Él pagó la cuenta y dejó una generosa propina. Al salir a la acera ella se puso de puntillas mientras él se inclinaba para darle un beso. Por el rabillo del ojo, ella vio que se aproximaba un hombre. De un metro setenta aproximadamente, no mucho más alto que ella pero fuerte. En su cabeza afeitada se podía ver unas manchas rojas escamosas.

El hombre sacó una pequeña pistola negra y la apretó contra la oreja de Coyle.

Ella gritó.

Sonó un disparo. Ella se sorprendió de que el estruendo no fuese mayor.

El cuerpo de Coyle se desplomó sobre el bordillo.

El hombre le disparó tres veces más, para asegurarse. Luego se giró y la miró como pensándoselo. Todavía le quedaban dos balas a su Raven Arms del calibre 25.
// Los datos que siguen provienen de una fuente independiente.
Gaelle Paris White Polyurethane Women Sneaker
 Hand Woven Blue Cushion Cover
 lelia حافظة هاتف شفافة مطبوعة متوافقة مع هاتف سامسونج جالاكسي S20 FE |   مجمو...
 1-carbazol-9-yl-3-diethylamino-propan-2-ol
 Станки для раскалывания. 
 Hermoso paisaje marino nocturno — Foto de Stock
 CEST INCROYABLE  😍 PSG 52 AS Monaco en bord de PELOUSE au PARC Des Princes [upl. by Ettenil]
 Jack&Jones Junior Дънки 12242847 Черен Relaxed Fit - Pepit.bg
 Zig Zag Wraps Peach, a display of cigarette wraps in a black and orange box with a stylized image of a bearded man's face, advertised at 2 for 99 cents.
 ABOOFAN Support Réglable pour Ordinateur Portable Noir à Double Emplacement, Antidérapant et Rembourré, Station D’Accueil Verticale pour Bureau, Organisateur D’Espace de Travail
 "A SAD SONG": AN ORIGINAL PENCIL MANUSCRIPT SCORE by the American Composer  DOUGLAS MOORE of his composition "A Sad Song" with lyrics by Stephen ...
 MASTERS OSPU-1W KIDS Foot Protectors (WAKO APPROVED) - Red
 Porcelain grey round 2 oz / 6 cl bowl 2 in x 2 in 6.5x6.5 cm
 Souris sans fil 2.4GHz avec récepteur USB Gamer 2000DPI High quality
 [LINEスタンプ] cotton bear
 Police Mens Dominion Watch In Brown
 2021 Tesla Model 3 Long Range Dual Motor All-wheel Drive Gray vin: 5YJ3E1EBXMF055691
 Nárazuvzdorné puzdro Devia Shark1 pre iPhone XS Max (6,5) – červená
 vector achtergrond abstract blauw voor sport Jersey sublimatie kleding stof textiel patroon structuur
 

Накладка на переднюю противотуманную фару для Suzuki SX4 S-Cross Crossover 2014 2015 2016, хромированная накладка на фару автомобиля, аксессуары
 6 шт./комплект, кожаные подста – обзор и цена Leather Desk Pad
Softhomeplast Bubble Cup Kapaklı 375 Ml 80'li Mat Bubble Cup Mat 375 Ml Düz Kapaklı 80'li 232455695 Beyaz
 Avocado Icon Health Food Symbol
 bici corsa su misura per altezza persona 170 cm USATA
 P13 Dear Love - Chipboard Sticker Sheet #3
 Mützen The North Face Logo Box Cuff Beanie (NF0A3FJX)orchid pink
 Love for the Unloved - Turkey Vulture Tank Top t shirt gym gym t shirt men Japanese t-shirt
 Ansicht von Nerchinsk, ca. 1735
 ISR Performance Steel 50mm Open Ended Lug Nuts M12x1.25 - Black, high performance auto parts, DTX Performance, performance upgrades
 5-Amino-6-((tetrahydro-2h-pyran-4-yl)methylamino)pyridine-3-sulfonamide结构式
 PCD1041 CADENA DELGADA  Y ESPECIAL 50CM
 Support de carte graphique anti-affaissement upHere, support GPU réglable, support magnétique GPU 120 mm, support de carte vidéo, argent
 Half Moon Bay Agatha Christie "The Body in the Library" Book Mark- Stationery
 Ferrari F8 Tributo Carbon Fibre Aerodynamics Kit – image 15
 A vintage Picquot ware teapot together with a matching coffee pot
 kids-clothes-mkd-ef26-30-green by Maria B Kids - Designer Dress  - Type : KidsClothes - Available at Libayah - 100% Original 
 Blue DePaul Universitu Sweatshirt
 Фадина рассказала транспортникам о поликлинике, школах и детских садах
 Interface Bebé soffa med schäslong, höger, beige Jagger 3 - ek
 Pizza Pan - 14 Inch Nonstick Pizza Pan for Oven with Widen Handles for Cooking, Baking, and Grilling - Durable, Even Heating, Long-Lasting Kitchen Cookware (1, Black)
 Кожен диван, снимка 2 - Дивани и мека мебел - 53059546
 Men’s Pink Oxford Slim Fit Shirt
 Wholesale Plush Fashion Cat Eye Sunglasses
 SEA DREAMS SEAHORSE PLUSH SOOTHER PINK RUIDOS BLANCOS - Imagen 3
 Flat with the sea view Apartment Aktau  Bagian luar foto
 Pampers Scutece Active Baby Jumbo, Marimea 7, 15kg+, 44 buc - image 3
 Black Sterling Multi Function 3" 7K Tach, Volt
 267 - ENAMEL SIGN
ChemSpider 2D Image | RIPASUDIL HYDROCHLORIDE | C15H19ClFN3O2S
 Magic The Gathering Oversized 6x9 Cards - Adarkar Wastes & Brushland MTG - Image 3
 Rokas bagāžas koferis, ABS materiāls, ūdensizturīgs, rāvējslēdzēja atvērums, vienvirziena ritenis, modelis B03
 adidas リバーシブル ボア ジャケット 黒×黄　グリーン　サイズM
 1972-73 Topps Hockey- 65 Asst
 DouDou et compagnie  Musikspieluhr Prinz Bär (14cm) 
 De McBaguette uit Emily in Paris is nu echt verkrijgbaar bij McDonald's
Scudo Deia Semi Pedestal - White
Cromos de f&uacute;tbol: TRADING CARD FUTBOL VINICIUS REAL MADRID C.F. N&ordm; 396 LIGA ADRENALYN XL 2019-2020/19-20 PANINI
—No —rogó ella—, no, por favor.

El tipo se encogió de hombros y dejó caer el arma, que aterrizó sin hacer ruido sobre el cadáver de Coyle. Acto seguido, el pequeño matón cruzó la calle y se fue dando un paseo por Burnside Park con toda la tranquilidad del mundo.

A la mujer le empezaron a temblar los hombros. Por un momento pensó que iba a vomitar aquella costosa comida. Consiguió recobrar la compostura, abrió el bolso, sacó una libreta y un bolígrafo y empezó a tomar notas.

Leí el descriptivo artículo sobre los tiroteos que escribió Mason para el periódico. En el Washington Post, en un artículo trepidante, Veronica contaba la ejecución de Coyle en primera persona. Al parecer, su informante le había prestado un último servicio.